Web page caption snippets
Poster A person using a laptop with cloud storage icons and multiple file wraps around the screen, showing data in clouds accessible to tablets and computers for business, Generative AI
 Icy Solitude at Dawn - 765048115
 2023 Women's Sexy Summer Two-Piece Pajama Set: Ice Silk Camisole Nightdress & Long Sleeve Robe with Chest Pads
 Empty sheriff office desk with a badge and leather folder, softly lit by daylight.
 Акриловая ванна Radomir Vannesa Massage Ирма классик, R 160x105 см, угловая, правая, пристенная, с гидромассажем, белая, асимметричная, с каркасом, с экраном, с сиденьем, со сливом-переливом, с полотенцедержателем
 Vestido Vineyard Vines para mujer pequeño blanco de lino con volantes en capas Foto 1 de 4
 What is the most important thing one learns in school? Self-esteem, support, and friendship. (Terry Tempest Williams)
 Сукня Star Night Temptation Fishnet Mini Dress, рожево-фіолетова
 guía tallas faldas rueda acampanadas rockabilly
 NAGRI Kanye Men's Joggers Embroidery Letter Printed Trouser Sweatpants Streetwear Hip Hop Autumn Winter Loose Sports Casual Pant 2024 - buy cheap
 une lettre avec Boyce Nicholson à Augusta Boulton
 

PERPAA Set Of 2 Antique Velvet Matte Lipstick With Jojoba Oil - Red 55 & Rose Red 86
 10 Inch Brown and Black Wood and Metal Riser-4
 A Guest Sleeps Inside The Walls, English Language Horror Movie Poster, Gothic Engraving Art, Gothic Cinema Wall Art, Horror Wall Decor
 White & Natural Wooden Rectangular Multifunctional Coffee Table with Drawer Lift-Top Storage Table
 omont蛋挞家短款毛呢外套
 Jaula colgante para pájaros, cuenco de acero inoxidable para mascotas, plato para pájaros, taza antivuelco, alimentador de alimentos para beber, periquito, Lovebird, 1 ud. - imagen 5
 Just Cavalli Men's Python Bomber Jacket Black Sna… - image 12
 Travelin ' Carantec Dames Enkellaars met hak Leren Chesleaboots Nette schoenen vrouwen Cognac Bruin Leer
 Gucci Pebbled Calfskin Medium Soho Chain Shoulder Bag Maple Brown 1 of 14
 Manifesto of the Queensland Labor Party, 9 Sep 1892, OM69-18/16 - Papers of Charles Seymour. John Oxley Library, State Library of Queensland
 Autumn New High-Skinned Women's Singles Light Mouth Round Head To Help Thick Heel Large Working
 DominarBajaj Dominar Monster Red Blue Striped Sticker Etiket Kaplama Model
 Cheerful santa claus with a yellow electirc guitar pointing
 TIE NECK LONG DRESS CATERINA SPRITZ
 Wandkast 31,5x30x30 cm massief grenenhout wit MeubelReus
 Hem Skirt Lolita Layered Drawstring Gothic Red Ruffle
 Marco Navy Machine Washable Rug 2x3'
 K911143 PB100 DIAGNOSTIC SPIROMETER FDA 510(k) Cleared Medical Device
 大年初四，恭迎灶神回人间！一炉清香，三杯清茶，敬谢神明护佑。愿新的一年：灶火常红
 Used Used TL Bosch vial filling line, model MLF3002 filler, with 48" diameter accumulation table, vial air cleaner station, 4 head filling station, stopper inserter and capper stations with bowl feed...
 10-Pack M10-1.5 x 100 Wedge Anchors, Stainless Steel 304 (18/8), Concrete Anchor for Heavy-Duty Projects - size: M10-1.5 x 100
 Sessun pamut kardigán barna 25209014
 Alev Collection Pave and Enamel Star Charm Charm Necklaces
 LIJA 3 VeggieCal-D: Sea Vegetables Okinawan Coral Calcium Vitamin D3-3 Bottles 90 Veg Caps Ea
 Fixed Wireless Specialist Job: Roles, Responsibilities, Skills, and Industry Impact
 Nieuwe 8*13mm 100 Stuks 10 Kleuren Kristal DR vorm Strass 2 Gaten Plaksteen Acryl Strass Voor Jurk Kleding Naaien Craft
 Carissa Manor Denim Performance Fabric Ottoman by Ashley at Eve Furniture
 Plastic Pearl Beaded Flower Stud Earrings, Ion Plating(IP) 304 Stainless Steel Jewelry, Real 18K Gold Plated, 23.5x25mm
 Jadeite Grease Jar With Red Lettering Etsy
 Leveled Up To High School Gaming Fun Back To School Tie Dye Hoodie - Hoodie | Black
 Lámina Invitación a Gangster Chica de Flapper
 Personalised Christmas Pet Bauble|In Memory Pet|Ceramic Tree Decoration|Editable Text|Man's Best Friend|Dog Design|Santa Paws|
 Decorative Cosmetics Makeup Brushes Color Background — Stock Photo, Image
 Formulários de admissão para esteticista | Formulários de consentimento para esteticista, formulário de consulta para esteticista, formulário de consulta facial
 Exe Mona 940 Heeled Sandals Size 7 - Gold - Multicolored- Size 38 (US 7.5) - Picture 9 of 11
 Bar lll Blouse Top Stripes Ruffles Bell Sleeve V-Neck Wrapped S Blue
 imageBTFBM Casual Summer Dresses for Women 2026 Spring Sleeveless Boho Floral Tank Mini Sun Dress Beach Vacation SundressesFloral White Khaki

REQUIREMENT =
Report the lines above that contain "Blue".

EXERCISE ANSWER =
 DominarBajaj Dominar Monster Red Blue Striped Sticker Etiket Kaplama Model
 Bar lll Blouse Top Stripes Ruffles Bell Sleeve V-Neck Wrapped S Blue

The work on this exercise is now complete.